··· Available data ···
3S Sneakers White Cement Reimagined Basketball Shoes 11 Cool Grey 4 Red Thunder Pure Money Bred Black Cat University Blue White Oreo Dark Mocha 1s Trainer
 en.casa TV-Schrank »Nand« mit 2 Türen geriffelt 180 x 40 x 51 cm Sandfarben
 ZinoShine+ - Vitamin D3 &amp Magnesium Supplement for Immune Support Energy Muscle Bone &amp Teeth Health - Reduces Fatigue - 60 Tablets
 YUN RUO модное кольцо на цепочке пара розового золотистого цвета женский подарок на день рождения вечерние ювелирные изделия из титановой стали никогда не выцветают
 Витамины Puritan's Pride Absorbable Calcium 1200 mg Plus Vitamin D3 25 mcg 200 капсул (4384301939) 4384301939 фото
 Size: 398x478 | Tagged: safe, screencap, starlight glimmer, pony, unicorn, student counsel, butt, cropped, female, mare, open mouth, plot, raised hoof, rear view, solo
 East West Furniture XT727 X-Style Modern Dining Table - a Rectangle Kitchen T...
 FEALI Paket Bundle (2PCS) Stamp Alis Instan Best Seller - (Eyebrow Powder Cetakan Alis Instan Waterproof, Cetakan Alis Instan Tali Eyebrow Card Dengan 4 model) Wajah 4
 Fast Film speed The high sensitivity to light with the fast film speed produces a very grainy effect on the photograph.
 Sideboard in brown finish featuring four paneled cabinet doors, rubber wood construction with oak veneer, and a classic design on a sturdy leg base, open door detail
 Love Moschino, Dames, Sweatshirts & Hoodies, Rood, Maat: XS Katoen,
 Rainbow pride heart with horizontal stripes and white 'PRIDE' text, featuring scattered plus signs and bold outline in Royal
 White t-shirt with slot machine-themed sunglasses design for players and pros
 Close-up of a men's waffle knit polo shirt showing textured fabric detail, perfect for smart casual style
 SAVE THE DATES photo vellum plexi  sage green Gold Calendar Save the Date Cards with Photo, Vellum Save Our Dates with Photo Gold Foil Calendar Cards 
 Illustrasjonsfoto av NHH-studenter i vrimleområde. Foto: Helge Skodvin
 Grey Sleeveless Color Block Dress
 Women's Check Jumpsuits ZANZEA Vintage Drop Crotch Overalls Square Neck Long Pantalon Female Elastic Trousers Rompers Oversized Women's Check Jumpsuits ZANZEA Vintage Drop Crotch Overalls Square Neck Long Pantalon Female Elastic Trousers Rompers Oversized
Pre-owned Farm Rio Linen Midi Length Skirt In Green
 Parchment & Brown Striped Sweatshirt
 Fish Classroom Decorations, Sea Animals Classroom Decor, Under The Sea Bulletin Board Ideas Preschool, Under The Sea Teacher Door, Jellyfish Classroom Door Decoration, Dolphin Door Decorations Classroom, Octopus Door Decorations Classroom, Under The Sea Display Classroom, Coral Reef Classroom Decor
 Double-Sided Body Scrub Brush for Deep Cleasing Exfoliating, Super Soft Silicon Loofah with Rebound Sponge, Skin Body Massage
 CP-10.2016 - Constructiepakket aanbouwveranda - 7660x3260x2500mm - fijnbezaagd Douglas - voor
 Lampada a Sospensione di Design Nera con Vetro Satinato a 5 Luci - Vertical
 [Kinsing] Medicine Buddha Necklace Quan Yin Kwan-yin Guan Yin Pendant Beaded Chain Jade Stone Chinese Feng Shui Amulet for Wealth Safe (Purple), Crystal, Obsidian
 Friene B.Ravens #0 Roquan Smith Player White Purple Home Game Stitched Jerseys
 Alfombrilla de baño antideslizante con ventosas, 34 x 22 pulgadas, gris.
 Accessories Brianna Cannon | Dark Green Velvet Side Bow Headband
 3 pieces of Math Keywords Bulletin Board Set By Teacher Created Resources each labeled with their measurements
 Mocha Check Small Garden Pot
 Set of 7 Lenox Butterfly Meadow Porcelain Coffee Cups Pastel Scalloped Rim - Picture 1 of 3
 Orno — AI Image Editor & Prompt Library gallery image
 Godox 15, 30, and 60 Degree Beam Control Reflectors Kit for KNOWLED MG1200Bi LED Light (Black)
···
## Work order
Write out, from the lines above, only those from the line with "CP-10.2016 - Constructiepakket" to the line with "Friene B.Ravens #0", exactly as given, including the first and the last.

## Solution for this problem
 CP-10.2016 - Constructiepakket aanbouwveranda - 7660x3260x2500mm - fijnbezaagd Douglas - voor
 Lampada a Sospensione di Design Nera con Vetro Satinato a 5 Luci - Vertical
 [Kinsing] Medicine Buddha Necklace Quan Yin Kwan-yin Guan Yin Pendant Beaded Chain Jade Stone Chinese Feng Shui Amulet for Wealth Safe (Purple), Crystal, Obsidian
 Friene B.Ravens #0 Roquan Smith Player White Purple Home Game Stitched Jerseys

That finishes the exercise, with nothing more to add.